Contrast is the first element of web design in the CRAP acronym. To effectively use contrast, a reader’s eyes must be drawn to the site. Contrast aids in drawing attention and interest to elements on the page, and it also helps to organize the page in an easy-to-read fashion. A web design can use elements that are the same, but it must avoid elements that are only similar. If the goal is to have them differentiated, they must be very different. Color is one simple way to differentiate between sections and areas, but it can also unite the site as one cohesive element. Most sites utilize color themes – a few colors that vary in shades. Other forms of contrast include typeface, line thickness, colors, shapes, sizes, space, etc.
In the CRAP test, the “R” stands for repetition. Repetition strengthens the unity of all elements on a web site and directs the reader to which items go with which. Repetition helps to strengthen the overall website by tying together separate pieces. Repetition helps hone a user in on where to go next instead of becoming distracting. When the same element is repeated, the reader already knows what to expect before opening the link or even reading the words. If there is no sense of repetition, it is common for users to become confused and not know how to navigate the web site.

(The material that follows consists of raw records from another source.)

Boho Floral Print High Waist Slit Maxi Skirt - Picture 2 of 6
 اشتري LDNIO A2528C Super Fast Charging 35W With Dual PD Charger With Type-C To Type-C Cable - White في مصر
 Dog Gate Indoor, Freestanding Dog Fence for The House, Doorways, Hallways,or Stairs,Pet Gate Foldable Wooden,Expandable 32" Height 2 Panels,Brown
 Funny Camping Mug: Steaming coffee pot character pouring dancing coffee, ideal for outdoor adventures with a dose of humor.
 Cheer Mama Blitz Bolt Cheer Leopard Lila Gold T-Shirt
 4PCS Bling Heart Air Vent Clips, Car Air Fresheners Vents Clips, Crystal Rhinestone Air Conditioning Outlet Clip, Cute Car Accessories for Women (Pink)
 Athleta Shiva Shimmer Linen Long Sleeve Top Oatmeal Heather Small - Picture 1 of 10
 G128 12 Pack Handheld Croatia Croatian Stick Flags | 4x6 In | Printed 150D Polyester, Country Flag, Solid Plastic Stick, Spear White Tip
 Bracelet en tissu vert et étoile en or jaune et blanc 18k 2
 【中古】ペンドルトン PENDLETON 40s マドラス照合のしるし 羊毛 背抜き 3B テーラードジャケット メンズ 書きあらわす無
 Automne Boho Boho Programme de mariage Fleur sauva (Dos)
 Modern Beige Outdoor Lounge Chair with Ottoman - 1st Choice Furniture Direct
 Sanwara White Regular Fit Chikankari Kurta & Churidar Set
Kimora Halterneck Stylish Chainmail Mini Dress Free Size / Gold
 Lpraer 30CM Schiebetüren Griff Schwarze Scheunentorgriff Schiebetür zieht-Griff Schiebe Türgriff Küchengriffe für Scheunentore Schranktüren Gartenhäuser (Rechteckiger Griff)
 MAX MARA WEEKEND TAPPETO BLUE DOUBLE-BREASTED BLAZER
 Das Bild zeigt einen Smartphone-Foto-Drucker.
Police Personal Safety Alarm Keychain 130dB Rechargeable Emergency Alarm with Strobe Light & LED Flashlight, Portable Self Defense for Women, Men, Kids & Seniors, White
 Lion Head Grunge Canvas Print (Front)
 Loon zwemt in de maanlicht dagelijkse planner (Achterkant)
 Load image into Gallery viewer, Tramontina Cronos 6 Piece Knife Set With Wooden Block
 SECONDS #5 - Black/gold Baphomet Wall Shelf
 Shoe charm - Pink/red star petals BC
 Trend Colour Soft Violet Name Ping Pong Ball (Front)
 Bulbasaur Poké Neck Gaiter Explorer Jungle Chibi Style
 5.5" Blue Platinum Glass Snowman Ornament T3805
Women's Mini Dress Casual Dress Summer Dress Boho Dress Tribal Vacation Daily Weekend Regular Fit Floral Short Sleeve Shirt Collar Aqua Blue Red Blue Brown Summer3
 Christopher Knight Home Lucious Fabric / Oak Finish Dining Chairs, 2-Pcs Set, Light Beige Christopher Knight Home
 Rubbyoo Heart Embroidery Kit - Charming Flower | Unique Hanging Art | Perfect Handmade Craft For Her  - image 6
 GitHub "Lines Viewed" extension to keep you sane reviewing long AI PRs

The “A” in CRAP represents alignment – visual connections to other elements in the page as to ensure that nothing is arbitrarily placed on the web space. Though there are tools to go beyond template, it is necessary to have reasons to place certain objects where they are. There are shapes, textures and spatial relationships to consider, and templates are often helpful when constructing basic web sites. Alignment helps maintain every visual element has a relationship with every other element on the web site. This also helps unify and organize the site.
The final portion of the anagram, “P,” stands for proximity, which relates to grouping items close to each other that are related. Also an organizational element, proximity helps the reader to acknowledge which elements are related. When all of these items are together, they become one visual unit instead of multiple individual units. The element of proximity helps to reduce clutter on the web site and gives the reader a clear structure of the content. Readers who can’t locate the proximity of the text can’t immediately locate who, what, when, and where, and are likely to move on to the next web site.
The uploaded flyer shows a good contrast. The contrast on the flyer draws the eye to it. Multiple elements that are not the same show a clear contrast. Contrast is often the most important visual attraction on any flyer. The petals of the flower and the header designs tend to have repetitions. Repetition of visual elements throughout the design unifies and strengthens it. Repetition makes it easier for the viewer; it is very useful on one-page flyers. The text and the content seems to be properly aligned, though the alignment of the text looks a little over done. Nothing should be placed on the page arbitrary. The elements should be visually connected. Consciousness can be seen in placing the elements. The flyer could have avoided using more than one text alignment on the page. The content tends to be in proximity to one another. Proximity deals with items relating to each other that should be grouped together to create one visual unit. This helps organize the information and reduces visual cutter.